Zona de Interesse: a normalização da maldade

POR: Maria Luiza Guidugli

Não é preciso ver para se aterrorizar

O holocausto e a crítica ao nazifascismo são temas recorrentes no Cinema, e isso não é, jamais, um problema. As diferentes histórias e analogias dentro destes temas contribui para o pensamento crítico do público, seguindo a ideia de George Santayana que “Aqueles que não podem lembrar o passado estão condenados a repeti-lo”.

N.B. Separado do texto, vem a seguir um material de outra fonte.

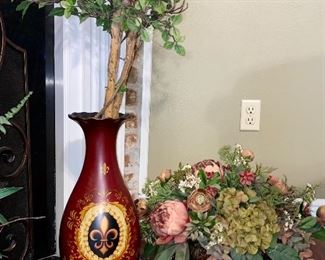 Artificial Plants/Fleur de Lis Vase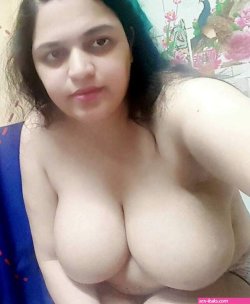 Busty Muslim Bhabhi Shehnaaz Ke Nude Selfies Indian Nude Girls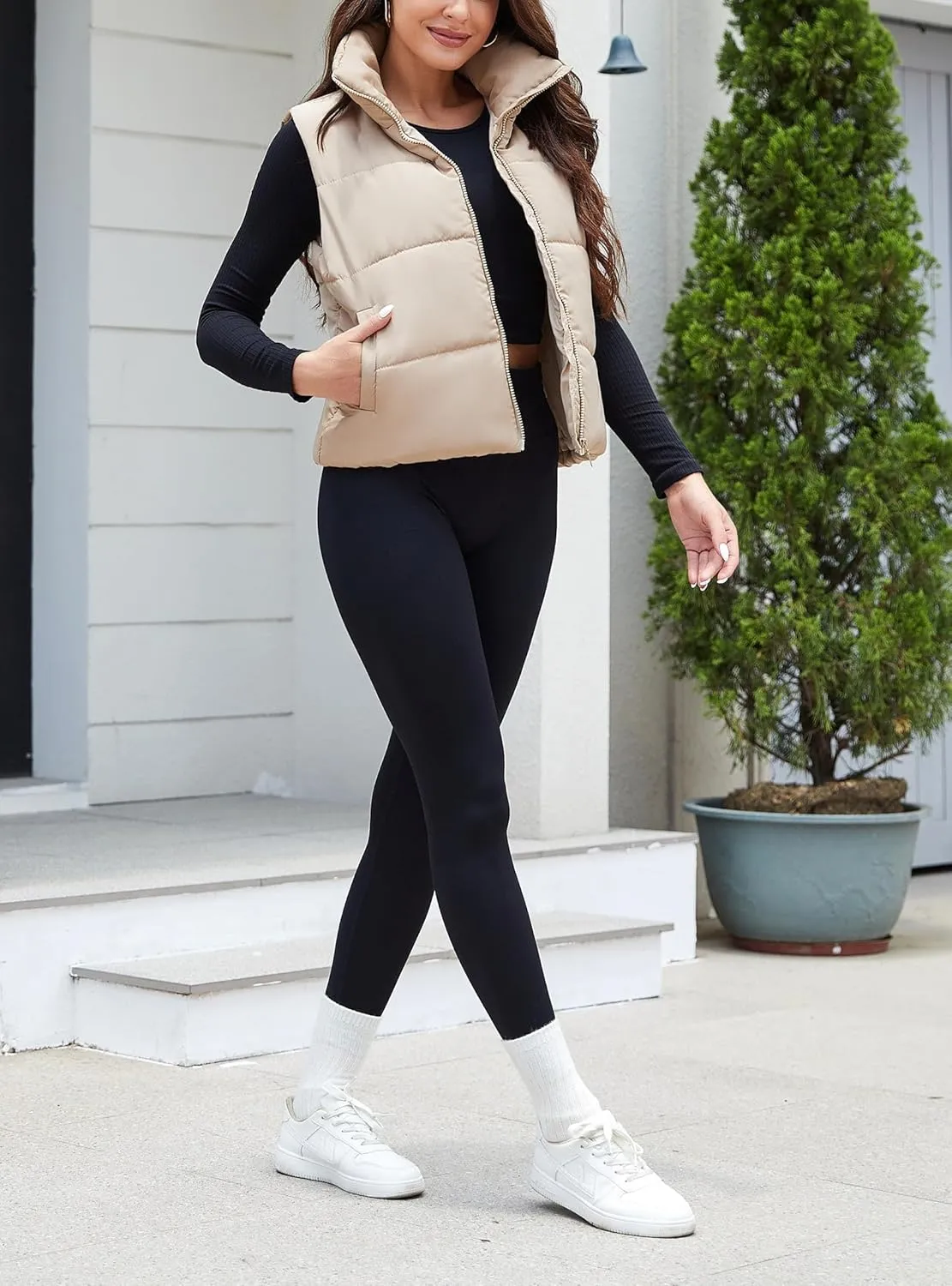 Anienaya Puffer Vest Women Sleeveless Warm Lightweight Qulited Jacket Stand-up Collar Outerwear with Pocket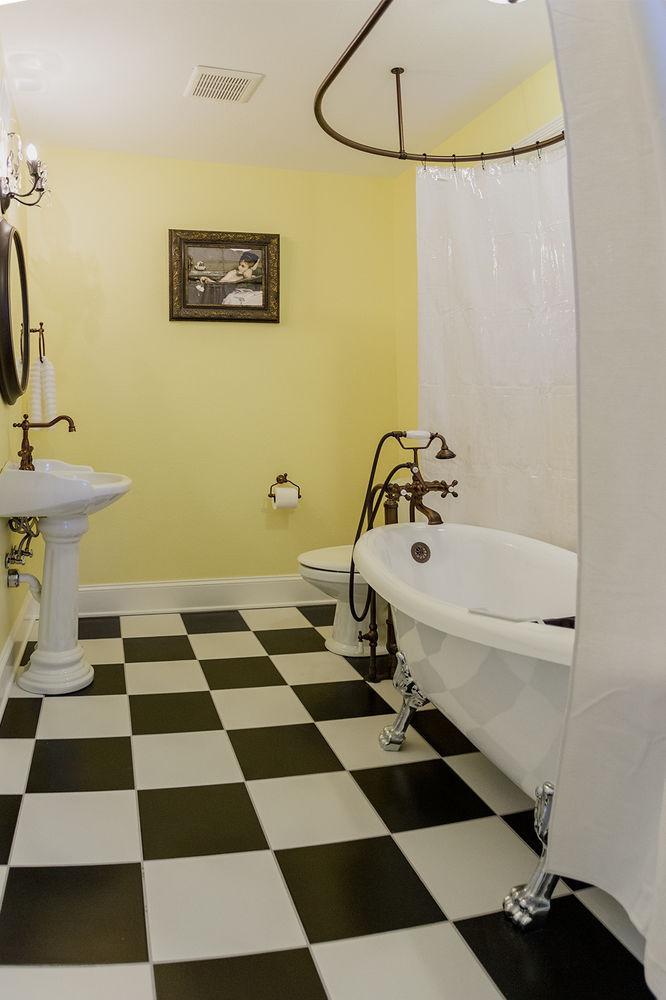Red Velvet Inn Navasota Luaran gambar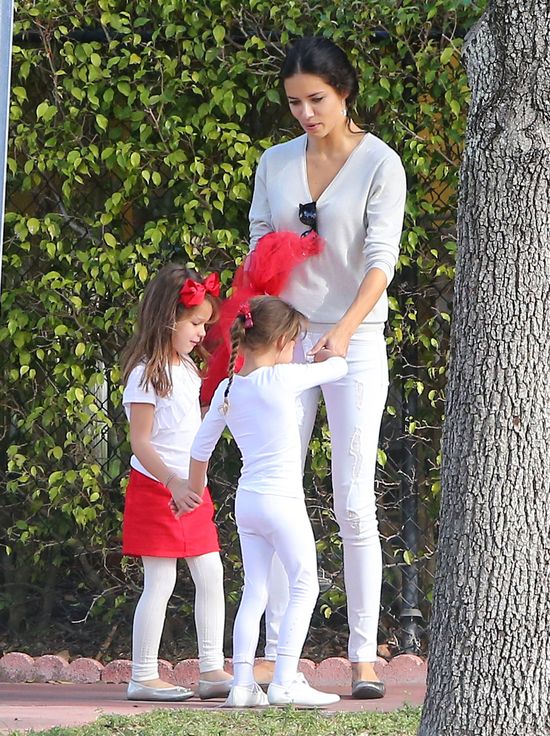 Adriana Lima wypoczywa z rodziną (FOTO)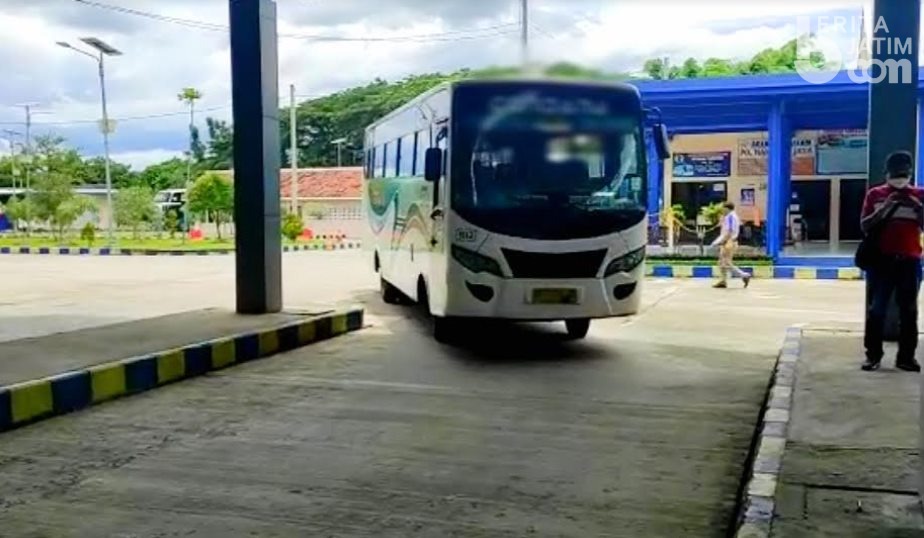 Pelanggaran Armada Bus di Terminal Selo Aji Ponorogo Turun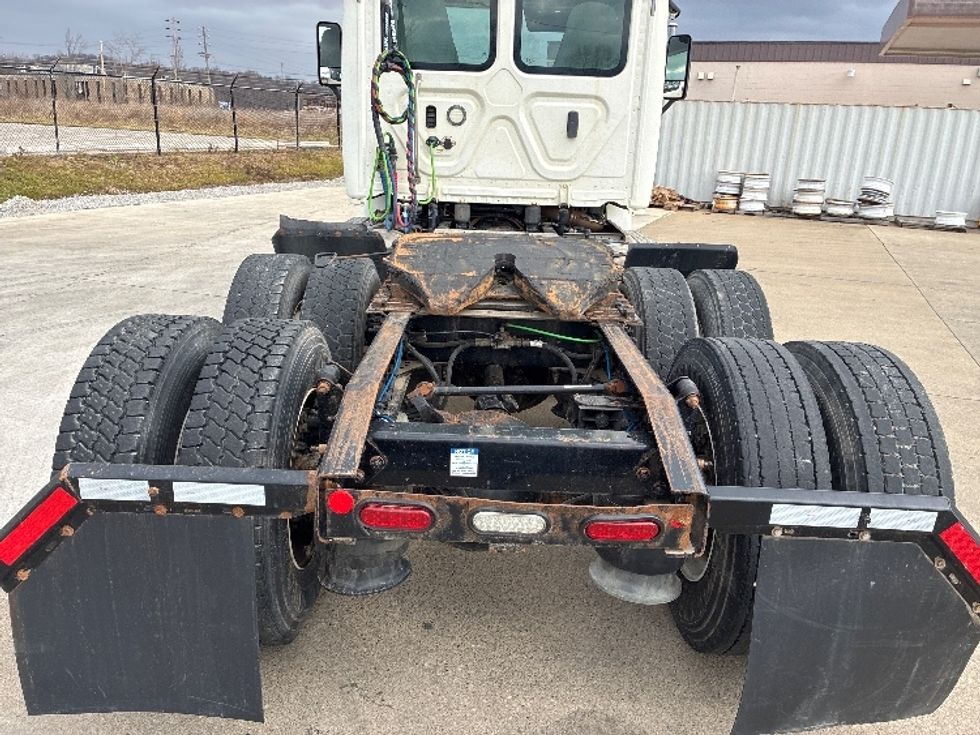 Day Cab Tractor-Heavy Duty Tractors-Freightliner-2019-Cascadia 11364ST-Parkersburg-WV-412,230\n\t\tmiles-$ 33,750 - Image 6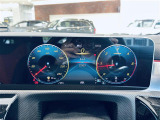 CLAクラス CLA200d AMGライン 本革シート サンルーフ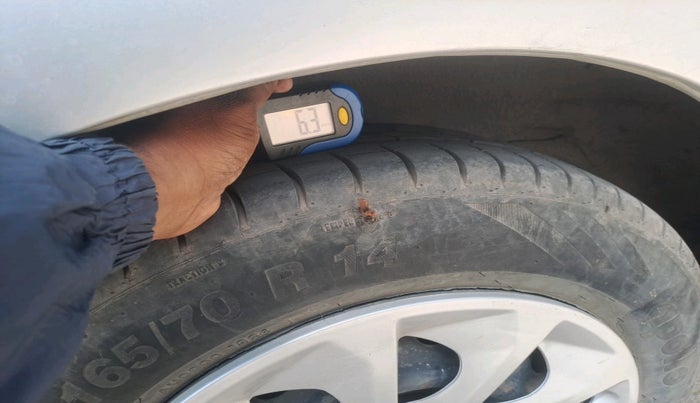 2018 Datsun Go T, CNG, Manual, 80,024 km, tyre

Zona de Interesse (2023) é mais um filme sobre nazismo, mas sob uma perspectiva diferente deste período sombrio da História. Nesta obra, dirigida por Jonathan Glazer, acompanhamos uma família de nazistas formada por Rudolf Höss (Christian Friedel), comandante de Auschwitz, sua esposa Hedwig (Sandra Hüller) e seus cinco filhos, que levam uma vida normal apesar de morarem ao lado do campo de concentração de Auschwitz. Apenas um muro os divide dos horrores que eles mesmos apoiam e proporcionam.

O filme possui um ritmo lento, o que casa muito bem com o dia-a-dia estranhamente tranquilo dos moradores da casa. Planos longos nos mostram as crianças brincando, os empregados trabalhando, Hedwig cuidando do quintal cheio de flores. Além disso, os planos são bem abertos, praticamente todos dos tipos plano geral e plano conjunto, como se estivéssemos testemunhando os acontecimentos, sem poder fazer nada a respeito.

Não vemos a violência acontecer, mas a escutamos perfeitamente. Em nenhum momento somos apresentados visualmente aos mandos do comandante Höss, mas sempre é possível escutar tiros, gritos e ordens sendo dadas do outro lado do muro. No único momento do filme em que estamos dentro de Auschwitz, vemos apenas o comandante em primeiro plano lateral, em contra-plongée observando seus mandos. Ele está no controle e o enquadramento e o áudio nos mostram isso muito bem.

A casa se contrapõe com a personalidade e realidade da família. Papéis de parede estampados, mobília em tons claros, jardim amplo e florido transmitem a leveza e normalidade com que as pessoas levam a vida naquela casa. Fofocas sobre casamentos alheios ou escolher roupas que pertenciam a judias aprisionadas do outro lado do muro… É tudo a mesma coisa.

As janelas e portas sempre abertas reforçam a frieza deste estilo de vida. Além de uma iluminação que faz a casa parecer menos aconchegante para o público, mais fria, o que acontece lá fora está visível a todos. Os horrores do holocausto não são escondidos, nem mesmo das crianças, que percebemos ao longo do filme que, mesmo tão novas, já têm medo das vítimas e são indiferentes aos crimes. Está tudo ali para quem quiser ver.

Porém, nem todos na casa aceitam o que acontece em Auschwitz. Ao longo do filme, há momentos em que uma jovem espalha maçãs pelo campo de trabalho, escondendo-as na terra ou entre as ferramentas. A fotografia nesses momentos é sempre em negativo, o que causa estranheza ao espectador. Próximo ao final do filme, vemos que a menina não age sozinha, tendo ajuda de outra empregada da família. As cores são alteradas quando uma das duas está fora da casa, voltando ao normal quando entram novamente na residência, representando que são opostas à família, mas que precisam se “camuflar” naquele ambiente para não serem punidas. A babá do filho mais novo e a mãe de Hedwig também ficam horrorizadas com o que estão presenciando e vão embora da casa.

Zona de Interesse é um filme cru, que nos deixa desconfortáveis a todo o momento. É aterrorizante ver a vida sendo levada normalmente enquanto milhares de pessoas são incineradas, literalmente, do outro lado do muro. E a decisão do diretor de incluir cenas atuais do museu de Auschwitz faz esse desconforto crescer ainda mais, pois ele nos mostra a atrocidade nazista no filme e seus vestígios na vida real. A banalização da maldade é real e não podemos fechar os olhos para ela.